# Problem requirements
Given the records below, would you repeat exactly the lines that begin at the one containing "Alexis Moise stands" and end at the one containing "Photo of Silver", inclusive?

Stored items:
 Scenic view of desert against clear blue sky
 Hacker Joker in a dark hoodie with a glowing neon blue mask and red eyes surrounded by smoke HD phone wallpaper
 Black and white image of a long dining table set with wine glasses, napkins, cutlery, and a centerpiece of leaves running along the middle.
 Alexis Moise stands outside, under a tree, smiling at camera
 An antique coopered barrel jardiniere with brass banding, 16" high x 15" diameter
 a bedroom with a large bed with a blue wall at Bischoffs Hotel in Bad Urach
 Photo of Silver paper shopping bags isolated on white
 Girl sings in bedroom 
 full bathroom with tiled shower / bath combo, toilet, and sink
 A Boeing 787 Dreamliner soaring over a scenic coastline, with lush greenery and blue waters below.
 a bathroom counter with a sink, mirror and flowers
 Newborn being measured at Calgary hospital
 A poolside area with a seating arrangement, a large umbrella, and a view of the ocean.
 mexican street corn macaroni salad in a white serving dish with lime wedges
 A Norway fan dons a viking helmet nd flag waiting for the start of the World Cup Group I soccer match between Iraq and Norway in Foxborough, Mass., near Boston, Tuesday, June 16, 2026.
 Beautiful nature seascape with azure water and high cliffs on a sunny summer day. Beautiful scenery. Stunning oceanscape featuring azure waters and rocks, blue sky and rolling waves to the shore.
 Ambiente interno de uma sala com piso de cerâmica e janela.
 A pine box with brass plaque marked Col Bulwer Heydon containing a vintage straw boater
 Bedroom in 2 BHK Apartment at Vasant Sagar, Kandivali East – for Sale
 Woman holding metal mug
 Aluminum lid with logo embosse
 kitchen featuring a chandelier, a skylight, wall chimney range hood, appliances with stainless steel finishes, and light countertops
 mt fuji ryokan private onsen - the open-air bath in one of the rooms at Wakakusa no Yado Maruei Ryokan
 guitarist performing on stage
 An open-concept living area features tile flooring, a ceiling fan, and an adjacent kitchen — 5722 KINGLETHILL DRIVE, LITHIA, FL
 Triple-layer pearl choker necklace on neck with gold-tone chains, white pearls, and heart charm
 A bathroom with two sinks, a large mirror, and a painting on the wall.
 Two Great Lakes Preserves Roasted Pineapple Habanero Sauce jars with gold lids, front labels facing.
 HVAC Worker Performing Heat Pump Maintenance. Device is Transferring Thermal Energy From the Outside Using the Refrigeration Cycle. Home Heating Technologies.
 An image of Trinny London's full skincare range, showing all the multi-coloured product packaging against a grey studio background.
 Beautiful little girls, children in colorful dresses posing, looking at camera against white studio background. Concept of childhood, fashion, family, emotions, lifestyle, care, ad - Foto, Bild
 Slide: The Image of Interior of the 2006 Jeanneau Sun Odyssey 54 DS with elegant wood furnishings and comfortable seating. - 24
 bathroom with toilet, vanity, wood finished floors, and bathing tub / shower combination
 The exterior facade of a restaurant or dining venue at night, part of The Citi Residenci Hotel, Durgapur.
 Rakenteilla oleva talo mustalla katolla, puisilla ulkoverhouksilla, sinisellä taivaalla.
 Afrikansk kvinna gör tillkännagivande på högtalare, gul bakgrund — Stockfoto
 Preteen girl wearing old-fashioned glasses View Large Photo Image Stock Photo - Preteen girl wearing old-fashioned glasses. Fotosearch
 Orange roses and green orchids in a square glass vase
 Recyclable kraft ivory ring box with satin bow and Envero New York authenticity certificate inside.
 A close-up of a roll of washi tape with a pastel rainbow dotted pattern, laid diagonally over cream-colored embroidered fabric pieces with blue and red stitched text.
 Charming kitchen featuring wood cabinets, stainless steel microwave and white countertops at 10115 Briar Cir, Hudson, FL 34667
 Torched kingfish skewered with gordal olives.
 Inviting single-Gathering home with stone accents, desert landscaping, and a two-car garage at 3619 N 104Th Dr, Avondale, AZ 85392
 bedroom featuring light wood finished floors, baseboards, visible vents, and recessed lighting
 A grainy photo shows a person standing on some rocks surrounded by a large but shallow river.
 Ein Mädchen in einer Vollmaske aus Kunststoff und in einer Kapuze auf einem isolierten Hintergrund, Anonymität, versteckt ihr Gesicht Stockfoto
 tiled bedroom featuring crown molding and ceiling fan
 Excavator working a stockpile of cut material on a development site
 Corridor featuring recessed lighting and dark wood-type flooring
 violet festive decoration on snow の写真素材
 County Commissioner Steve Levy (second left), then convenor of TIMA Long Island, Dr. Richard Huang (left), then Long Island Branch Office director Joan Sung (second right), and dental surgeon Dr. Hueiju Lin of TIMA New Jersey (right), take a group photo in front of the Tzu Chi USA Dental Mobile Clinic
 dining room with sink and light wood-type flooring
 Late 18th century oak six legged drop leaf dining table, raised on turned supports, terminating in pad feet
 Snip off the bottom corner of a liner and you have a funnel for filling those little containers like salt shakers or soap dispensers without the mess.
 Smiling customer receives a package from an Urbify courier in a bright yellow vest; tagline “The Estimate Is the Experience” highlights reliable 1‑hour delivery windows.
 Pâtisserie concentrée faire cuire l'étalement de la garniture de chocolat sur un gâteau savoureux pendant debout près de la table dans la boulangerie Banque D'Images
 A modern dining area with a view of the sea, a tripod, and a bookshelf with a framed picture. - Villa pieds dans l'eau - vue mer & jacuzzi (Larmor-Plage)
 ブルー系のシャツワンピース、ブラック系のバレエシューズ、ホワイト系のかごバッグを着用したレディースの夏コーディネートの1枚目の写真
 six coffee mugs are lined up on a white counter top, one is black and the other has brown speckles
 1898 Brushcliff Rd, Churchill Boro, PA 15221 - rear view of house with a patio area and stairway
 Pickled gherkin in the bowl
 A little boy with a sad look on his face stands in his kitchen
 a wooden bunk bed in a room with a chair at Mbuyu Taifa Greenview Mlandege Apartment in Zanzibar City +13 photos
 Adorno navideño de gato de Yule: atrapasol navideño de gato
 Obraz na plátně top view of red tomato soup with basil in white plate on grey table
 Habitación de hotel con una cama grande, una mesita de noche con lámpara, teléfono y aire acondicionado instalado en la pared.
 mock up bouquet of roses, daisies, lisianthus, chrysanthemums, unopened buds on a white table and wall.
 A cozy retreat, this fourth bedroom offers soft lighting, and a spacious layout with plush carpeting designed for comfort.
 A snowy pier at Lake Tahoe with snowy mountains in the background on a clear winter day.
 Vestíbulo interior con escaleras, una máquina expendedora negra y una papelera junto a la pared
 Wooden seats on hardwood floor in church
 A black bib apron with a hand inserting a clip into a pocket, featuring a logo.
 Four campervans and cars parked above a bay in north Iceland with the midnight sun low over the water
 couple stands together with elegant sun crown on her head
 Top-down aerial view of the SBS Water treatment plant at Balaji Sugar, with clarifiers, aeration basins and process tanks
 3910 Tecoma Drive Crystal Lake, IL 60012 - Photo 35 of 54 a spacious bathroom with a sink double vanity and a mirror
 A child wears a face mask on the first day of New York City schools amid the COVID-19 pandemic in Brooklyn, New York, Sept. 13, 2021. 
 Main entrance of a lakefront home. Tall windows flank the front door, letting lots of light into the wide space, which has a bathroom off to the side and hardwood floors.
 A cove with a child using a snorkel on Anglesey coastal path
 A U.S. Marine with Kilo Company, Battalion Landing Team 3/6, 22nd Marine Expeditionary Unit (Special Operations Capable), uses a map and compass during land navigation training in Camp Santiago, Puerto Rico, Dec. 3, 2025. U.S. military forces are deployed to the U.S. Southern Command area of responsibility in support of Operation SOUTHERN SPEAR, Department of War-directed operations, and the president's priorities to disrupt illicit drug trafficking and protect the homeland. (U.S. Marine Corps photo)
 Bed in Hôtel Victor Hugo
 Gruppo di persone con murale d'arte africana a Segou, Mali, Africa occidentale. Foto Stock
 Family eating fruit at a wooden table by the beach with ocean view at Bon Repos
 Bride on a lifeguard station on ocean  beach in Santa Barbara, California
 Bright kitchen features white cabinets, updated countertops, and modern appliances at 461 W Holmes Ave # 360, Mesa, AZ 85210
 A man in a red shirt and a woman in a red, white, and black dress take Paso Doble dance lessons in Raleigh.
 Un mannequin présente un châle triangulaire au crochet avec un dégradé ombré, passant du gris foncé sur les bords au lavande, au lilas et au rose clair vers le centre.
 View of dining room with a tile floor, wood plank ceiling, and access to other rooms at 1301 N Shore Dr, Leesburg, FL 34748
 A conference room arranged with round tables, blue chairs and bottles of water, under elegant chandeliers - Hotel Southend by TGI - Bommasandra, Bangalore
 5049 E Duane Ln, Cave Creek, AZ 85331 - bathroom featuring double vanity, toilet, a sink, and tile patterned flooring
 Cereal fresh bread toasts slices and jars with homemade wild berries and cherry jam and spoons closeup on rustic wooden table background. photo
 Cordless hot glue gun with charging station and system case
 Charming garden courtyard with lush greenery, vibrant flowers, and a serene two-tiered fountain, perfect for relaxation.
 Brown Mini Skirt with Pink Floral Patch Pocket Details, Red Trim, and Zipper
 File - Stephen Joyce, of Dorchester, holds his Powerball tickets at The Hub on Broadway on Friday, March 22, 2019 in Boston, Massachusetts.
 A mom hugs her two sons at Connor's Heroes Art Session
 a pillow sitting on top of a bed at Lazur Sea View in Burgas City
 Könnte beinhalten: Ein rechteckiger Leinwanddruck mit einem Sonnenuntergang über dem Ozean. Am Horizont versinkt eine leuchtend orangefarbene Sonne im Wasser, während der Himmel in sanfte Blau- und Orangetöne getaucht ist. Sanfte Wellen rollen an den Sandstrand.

# The answer
 Alexis Moise stands outside, under a tree, smiling at camera
 An antique coopered barrel jardiniere with brass banding, 16" high x 15" diameter
 a bedroom with a large bed with a blue wall at Bischoffs Hotel in Bad Urach
 Photo of Silver paper shopping bags isolated on white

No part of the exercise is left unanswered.